Aligning on the user requirements

We had regular sync-ups to create a UX strategy blueprint, aligning everyone on the project objectives by identifying goals and the pain points we wanted to solve

Pain points

Include restrictive evaluation windows, unclear time window types, unmet 1-second MTTD, misaligned DFQ filters, limited metric threshold options, and a cumbersome alert preview experience.

Evaluation windows: The smallest and largest time window that can be selected in Smart Alerts is still too small or large for me.

Time windows: I don't know whether time windows in Custom Events and / or Smart Alerts are sliding windows or tumbling windows

Lowered MTTD:  lack of being able to alert in an acceptable MTTD, does not align with marketing messaging of 1-second detection.

Scoping: I'm not sure if the filter I applied using DFQs for deprecated Custom Events match 100% to the filters in Smart Alerts

Setting thresholds: I don't understand why some metric threshold types are not available in some "group by" options (e.g., Adaptive Thresholds not available for per-endpoint grouping)
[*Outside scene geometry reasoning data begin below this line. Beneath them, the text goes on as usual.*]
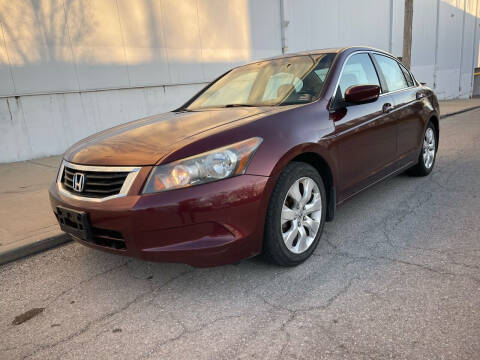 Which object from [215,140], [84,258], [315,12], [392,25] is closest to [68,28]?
[84,258]

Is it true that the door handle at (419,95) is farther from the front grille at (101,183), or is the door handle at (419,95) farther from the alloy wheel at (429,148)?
the front grille at (101,183)

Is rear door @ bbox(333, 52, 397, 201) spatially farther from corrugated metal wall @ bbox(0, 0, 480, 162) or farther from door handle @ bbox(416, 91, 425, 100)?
corrugated metal wall @ bbox(0, 0, 480, 162)

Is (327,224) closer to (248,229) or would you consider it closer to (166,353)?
(248,229)

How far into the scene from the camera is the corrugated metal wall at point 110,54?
7203 millimetres

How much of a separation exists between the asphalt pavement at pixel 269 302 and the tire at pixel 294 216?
15cm

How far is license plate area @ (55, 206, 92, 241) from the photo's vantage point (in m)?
2.45

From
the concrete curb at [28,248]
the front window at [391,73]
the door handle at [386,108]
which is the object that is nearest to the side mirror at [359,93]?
the door handle at [386,108]

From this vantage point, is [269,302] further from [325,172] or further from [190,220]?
[325,172]

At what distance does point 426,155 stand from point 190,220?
392cm

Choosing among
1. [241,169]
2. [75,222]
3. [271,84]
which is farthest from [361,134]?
[75,222]

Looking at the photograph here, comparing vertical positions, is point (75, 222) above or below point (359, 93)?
below

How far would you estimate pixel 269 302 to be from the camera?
2.42m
Alerts preview: I hate scrolling up and down the "advanced mode" modal dialogue when configuring a smart alert

High-level user journey stages (proposed) - creating an AP smart alerts

This user journey outlines creating an AP Smart Alert, from selecting a blueprint and defining scope to configuring conditions, thresholds, persistence, and finalizing alert channels, properties, and payloads for effective monitoring.

Design Decisions

Based on these insights, I focused on three core changes:

Throughout the process, I iterated designs with engineers and validated concepts with users to ensure changes reflected real workflows.
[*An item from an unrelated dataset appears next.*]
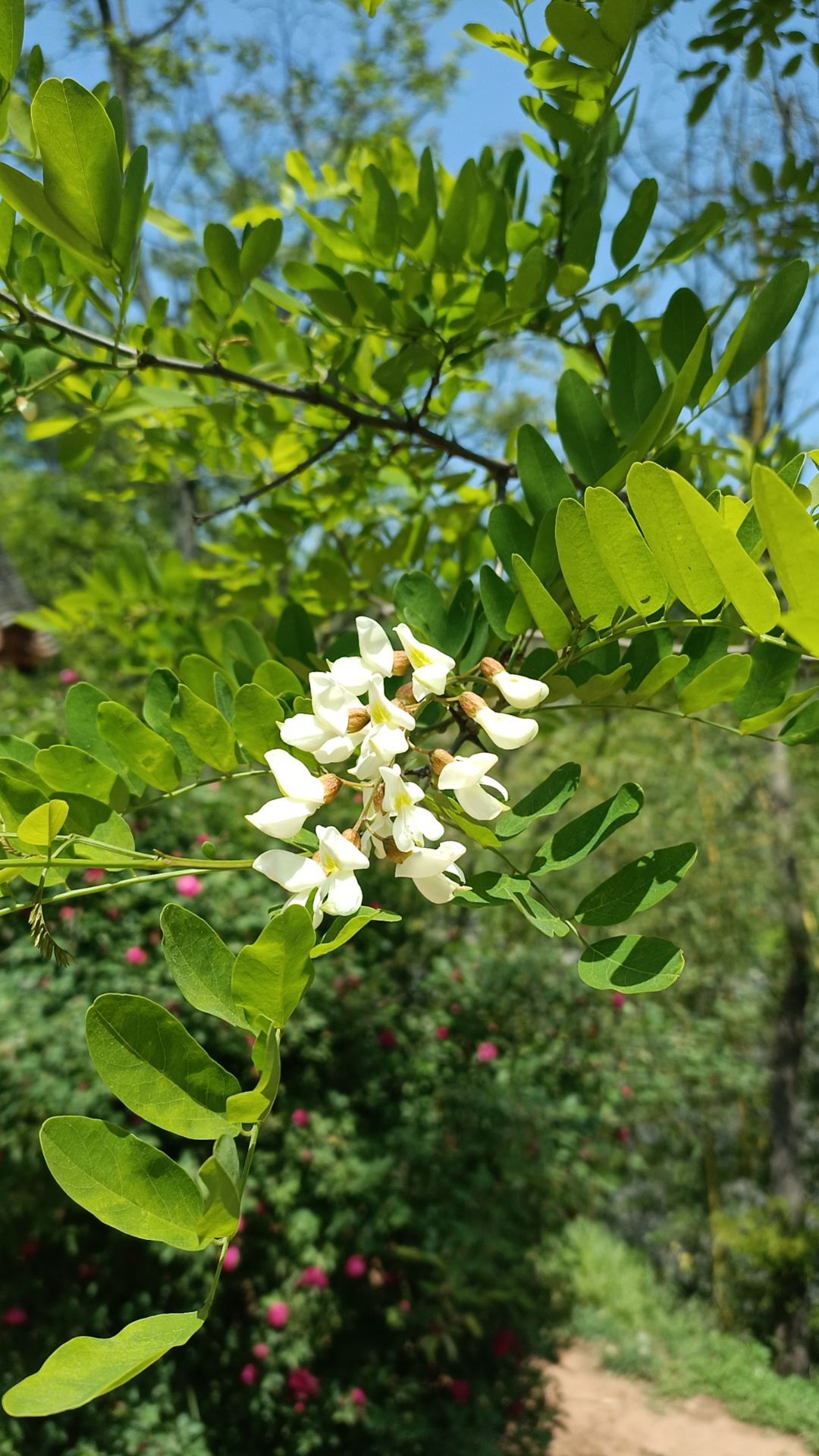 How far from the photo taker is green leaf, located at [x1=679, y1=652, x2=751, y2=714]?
584mm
Clear system health at a glance

Dashboards were simplified to show overall health first, followed by supporting metrics only when needed. This helped users quickly answer, “Is something wrong right now?”

Smarter alert grouping and prioritisation

Alerts were organised by impact and urgency instead of raw volume, helping teams focus on what mattered most during incidents.

Guided alert configuration

The alert setup experience was redesigned using progressive disclosure. Users could start simple, see a live preview of alert behaviour, and adjust settings with confidence before saving.

Redefining smart alerts layout for better usability

Applying the Zeigarnik Effect, our initial transition from custom events to smart alerts followed a specific layout. However, to enhance user experience, we've redefined the page structure for better clarity and usability.

Result

The redesigned experience led to clearer understanding and stronger confidence among users:

  • Many operations engineers reported they could identify critical issues faster during incidents

  • Users shared that alerts felt more predictable and easier to trust

  • Teams spent less time scanning dashboards and more time resolving issues

By reducing noise and improving clarity, the experience supported quicker decisions and smoother collaboration during high-pressure situations.

Learnings

Strategic Alignment: Regular sync-ups and a unified UX strategy blueprint were essential, aligning on user requirements helped us clearly identify pain points and set actionable goals for transforming Smart Alerts.

User-Centric Problem Solving: By deeply understanding frustrations, such as restrictive evaluation windows and misaligned filters, we drove design enhancements that addressed specific user needs and improved overall usability.

Iterative Redesign: Applying principles like the Zeigarnik Effect, we continuously refined our page layout and interaction flows. This iterative approach not only improved navigation and clarity but also reinforced our commitment to a seamless user experience.